Comment sentez-vous Baugé par rapport à Kenny ?
Dans ses propos, il est catégorique : il est là pour gagner la médaille d’or et rien d’autre. Je pense qu’il a prouvé ces quatre dernières années qu’il était capable de dominer le sprint mondial. Maintenant, il est vrai que les Britanniques sont dans une dynamique de réussite, mais un tournoi de vitesse, c’est un duel entre deux hommes. Et pour l’instant je pense que Grégory a un ascendant psychologique sur son adversaire.
Un pistard de Trinité-et-Tobago, Njisane-Nicholas Phillip, concourra la demi-finale face à Jason Kenny. Le connaissiez-vous ?

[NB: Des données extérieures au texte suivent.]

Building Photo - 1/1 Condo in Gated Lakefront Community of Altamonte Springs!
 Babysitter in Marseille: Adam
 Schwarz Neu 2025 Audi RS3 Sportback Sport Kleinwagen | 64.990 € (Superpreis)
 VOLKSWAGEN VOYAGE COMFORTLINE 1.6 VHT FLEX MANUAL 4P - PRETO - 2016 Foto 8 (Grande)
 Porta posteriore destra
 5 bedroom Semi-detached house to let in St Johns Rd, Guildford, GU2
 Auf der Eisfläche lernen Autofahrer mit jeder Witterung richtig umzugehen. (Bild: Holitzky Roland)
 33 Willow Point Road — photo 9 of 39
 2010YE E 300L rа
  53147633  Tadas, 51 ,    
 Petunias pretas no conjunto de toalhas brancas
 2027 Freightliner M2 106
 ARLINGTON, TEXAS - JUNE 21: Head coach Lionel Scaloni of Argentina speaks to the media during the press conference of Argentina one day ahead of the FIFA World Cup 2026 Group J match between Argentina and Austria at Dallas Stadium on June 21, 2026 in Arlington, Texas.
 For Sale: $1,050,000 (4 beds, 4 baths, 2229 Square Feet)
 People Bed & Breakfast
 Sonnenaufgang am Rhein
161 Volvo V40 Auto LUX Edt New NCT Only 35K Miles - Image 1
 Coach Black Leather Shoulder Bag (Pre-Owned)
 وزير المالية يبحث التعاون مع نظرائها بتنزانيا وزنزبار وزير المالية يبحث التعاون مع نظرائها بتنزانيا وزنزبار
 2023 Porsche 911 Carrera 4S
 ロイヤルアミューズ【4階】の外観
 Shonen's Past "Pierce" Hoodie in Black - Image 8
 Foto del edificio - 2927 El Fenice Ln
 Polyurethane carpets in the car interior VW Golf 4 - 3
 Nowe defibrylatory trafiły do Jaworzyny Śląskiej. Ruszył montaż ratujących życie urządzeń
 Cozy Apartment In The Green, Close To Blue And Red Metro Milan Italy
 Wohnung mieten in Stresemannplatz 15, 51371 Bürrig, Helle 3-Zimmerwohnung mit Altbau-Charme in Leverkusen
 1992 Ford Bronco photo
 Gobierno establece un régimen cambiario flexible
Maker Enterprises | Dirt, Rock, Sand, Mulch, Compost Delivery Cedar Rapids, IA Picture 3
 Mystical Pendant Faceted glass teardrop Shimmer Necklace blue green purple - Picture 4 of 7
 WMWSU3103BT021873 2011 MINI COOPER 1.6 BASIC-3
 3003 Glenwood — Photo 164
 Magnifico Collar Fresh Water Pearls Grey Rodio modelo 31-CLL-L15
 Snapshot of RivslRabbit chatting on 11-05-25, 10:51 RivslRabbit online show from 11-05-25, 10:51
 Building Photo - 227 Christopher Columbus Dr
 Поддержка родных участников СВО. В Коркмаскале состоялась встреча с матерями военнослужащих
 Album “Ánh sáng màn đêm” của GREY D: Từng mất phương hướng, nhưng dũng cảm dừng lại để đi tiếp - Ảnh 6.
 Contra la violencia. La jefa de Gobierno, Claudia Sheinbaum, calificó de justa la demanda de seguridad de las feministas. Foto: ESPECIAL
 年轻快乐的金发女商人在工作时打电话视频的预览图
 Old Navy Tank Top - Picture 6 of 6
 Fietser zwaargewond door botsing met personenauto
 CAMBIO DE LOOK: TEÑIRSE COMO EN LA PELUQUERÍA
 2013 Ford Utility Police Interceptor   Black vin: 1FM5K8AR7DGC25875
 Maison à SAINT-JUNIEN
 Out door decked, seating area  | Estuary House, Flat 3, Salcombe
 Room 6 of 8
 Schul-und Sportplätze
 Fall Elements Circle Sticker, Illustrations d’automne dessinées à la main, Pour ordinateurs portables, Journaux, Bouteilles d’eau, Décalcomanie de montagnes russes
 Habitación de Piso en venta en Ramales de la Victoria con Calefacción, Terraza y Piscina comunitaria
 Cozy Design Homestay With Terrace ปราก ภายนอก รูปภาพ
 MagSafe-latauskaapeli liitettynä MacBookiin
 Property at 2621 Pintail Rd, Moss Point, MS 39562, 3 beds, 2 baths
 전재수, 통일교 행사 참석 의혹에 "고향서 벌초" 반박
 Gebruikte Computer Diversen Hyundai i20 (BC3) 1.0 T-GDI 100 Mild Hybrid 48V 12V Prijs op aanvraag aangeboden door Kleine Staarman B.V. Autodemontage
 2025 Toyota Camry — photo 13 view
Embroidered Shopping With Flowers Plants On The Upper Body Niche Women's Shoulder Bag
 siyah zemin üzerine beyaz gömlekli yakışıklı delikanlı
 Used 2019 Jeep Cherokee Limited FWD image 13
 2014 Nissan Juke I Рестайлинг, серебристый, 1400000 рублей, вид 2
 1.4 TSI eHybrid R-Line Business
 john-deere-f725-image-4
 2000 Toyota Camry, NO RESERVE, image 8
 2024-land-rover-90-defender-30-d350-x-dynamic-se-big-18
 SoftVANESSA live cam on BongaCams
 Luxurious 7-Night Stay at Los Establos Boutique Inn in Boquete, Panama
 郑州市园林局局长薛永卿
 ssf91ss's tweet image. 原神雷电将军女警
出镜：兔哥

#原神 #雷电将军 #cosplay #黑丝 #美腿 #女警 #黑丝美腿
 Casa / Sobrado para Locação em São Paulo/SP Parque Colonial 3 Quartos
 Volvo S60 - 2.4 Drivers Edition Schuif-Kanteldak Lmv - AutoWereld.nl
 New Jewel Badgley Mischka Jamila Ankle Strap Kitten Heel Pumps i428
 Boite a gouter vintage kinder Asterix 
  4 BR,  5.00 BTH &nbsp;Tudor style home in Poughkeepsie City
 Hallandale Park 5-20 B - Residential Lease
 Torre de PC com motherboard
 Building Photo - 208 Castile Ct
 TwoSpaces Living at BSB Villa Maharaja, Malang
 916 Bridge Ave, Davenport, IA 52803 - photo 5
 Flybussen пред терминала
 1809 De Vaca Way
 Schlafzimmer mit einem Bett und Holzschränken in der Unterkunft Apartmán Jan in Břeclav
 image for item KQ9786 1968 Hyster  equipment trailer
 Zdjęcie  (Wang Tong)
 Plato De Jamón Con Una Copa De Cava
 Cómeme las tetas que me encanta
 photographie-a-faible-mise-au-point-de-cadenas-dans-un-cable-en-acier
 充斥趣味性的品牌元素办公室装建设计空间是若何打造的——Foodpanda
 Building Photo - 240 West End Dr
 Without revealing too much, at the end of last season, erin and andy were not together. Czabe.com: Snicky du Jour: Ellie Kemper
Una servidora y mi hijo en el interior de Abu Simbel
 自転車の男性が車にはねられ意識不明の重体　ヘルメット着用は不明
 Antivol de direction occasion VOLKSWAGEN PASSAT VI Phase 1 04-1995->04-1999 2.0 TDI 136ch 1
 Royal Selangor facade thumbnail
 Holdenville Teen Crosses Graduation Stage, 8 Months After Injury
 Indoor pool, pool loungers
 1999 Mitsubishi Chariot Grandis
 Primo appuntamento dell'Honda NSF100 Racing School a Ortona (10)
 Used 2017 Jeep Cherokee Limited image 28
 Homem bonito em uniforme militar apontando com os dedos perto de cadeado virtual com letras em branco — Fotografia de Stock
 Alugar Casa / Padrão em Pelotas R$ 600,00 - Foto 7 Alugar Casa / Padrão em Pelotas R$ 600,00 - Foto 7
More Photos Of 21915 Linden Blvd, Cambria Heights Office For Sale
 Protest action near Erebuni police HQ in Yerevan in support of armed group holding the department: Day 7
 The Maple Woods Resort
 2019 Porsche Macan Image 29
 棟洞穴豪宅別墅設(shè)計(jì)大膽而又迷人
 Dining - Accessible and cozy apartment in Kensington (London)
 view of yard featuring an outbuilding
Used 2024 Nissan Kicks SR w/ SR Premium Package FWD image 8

Pas du tout. Je l’ai découvert comme tout le monde ces deux derniers jours. Ce qui me met hors de moi, c’est qu’on limite cette année les nations à un compétiteur. Ça ne reflète pas exactement le niveau du sprint mondial et c’est malheureux. Si l’on faisait la même chose en athlétisme, il n’y aurait eu qu’Usain Bolt pour représenter la Jamaïque. Je ne comprends pas pourquoi on a appliqué cette règle au cyclisme.
Et si elle permettait l’émergence de nouvelles nations en piste ?
C’est vrai. Il est reconnu que Trinité-et-Tobago forme de bons sprinteurs en athlé, donc pourquoi pas en cyclisme. Mais voir débarquer un jeune coureur qu’on ne connaissait pas, je trouve ça regrettable, quand on sait comme un athlète travaille dur pour participer aux Jeux, un événement qui ne se déroule que tous les quatre ans. Il manque bien des sprinteurs de très haut niveau à Londres, voilà ce qui permet à ce jeune qui sort de nulle part d’atteindre les demi-finales des Jeux Olympiques.
Le programme sur piste, on l’a vu avec l’omnium, semble se chercher. Qu’en pensez-vous ?
Ils essaient d’innover. Et je pense que d’avoir mis l’omnium au programme des JO, c’est bien. On s’y perdait auparavant avec l’américaine, notamment les spectateurs qui n’y comprenaient pas grand-chose. Et l’omnium, c’est beaucoup plus clair pour tout le monde. On sait très bien que c’est comme le décathlon, une accumulation de points sur six épreuves qui déterminera le champion.
Propos recueillis à Londres le 6 août 2012.